I don't think you pronounced that right...but I can't hear you over all this fucking freedom. Speak up, son!

+rep Best responses to a police state story ever!! Still laughing!

matt0611
12-14-2013, 12:08 PM
So did they attend class every day or what?

libertarianMoney
12-14-2013, 02:17 PM
I really respect this forum for no one going into the old:

"Cops get to have their dreams come true. They spent all of high school being bullied. Now they get to go back while probably looking older and less awkward. Congratulations!"

Yes. I respect this forum for not saying:

"I wonder how many kids were inappropriately touched during this undercover job?"

Going into these would be cheap shots based on cop stereotypes (that I felt the compulsive need to bring up anyway.)

Thank god students don't have any constitutional rights while in school anyway cause this would have been a major controversy.
*looks at constitution
Wait a second...

Quark
12-14-2013, 02:37 PM
I really respect this forum for no one going into the old:

"Cops get to have their dreams come true. They spent all of high school being bullied. Now they get to go back while probably looking older and less awkward. Congratulations!"
.

I always thought the stereotype was that the cops were the bullies not the bullied.

MelissaWV
12-14-2013, 02:42 PM
So did they attend class every day or what?

I would like to see their grades, personally.

PRB
12-14-2013, 05:56 PM
So did they attend class every day or what?

they must've, or else people would've started asking questions already.

MoneyWhereMyMouthIs2
12-14-2013, 07:46 PM
Yes. I respect this forum for not saying:

"I wonder how many kids were inappropriately touched during this undercover job?"


In most places, 22 year old cops would be fine with sexing 16+ students. It would be inappropriate and not within the scope of their job, but those aren't usually barriers, and not illegal if not coerced. (it would be fake ass shit, but 18 year old guys will get laid being fake too.) I'm not the forum, btw, just me. I'd rather cops leave students alone completely. No dogs sniffing, no metal detection, not entrapment, no nothing. Cops don't belong in schools, uniformed or not.

MRK
12-15-2013, 12:54 PM
"This is nuts on parade"

MRK
12-15-2013, 01:00 PM
So let me get this right.

The government steals your money to put kids in school. The government steals your money to put cops on your streets. The government puts its cops in your school, to kick your kids out onto the street, for having arbitrarily forbidden plant derivatives.
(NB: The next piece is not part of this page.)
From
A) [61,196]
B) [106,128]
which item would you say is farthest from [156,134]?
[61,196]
At this point, the government steals your money to put the kids in court, the government steals your money to put your kids in jail or the government graciously allows you to voluntarily give your money if you want to pay off the rehab center mafia so your kid doesn't have to go to the jail that was paid for by your stolen money that is only slightly less comforting than the 8-hour a day jail your money pays for when your kid is locked in an educational compound, complete with random lockdowns, drug dog searches and in-compound police guards.